*** Opening Stored data ***

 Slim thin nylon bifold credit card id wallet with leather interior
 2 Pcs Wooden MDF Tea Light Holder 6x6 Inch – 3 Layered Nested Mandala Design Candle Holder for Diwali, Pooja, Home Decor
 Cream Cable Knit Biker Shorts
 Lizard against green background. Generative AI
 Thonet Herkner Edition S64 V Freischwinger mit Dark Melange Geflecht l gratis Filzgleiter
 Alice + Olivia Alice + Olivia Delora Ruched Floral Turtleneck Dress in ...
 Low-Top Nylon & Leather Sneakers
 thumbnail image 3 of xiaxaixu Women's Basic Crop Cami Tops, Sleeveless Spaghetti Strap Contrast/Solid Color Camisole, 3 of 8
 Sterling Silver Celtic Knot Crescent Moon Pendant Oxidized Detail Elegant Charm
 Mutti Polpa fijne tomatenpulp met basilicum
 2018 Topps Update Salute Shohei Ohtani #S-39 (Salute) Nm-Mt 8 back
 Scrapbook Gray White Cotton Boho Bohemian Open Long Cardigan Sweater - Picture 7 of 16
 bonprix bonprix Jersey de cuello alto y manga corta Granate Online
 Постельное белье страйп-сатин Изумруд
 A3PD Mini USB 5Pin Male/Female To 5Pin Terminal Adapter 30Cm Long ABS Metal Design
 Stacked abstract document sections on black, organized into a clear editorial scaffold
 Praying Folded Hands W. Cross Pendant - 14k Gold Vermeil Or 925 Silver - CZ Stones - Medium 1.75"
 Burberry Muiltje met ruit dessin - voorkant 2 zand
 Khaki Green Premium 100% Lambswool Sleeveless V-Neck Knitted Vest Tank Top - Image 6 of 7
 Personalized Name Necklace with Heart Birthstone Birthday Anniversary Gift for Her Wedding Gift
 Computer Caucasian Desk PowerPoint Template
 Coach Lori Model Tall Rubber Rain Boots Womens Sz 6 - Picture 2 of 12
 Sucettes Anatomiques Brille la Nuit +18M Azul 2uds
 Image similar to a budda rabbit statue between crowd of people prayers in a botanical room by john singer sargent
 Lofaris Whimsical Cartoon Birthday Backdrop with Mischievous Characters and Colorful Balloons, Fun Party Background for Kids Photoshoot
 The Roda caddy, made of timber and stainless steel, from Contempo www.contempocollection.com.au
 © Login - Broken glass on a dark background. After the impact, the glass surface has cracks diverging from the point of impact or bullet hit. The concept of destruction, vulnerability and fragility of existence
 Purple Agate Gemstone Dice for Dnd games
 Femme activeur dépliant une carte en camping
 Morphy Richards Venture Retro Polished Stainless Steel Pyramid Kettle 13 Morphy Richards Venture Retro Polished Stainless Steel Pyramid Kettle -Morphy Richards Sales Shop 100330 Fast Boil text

*** Closing Stored data ***

• **The task**: Output exactly the lines from the one containing "fragility of existence" through the last line of the entries, both ends included.

• **Expected output**:
 © Login - Broken glass on a dark background. After the impact, the glass surface has cracks diverging from the point of impact or bullet hit. The concept of destruction, vulnerability and fragility of existence
 Purple Agate Gemstone Dice for Dnd games
 Femme activeur dépliant une carte en camping
 Morphy Richards Venture Retro Polished Stainless Steel Pyramid Kettle 13 Morphy Richards Venture Retro Polished Stainless Steel Pyramid Kettle -Morphy Richards Sales Shop 100330 Fast Boil text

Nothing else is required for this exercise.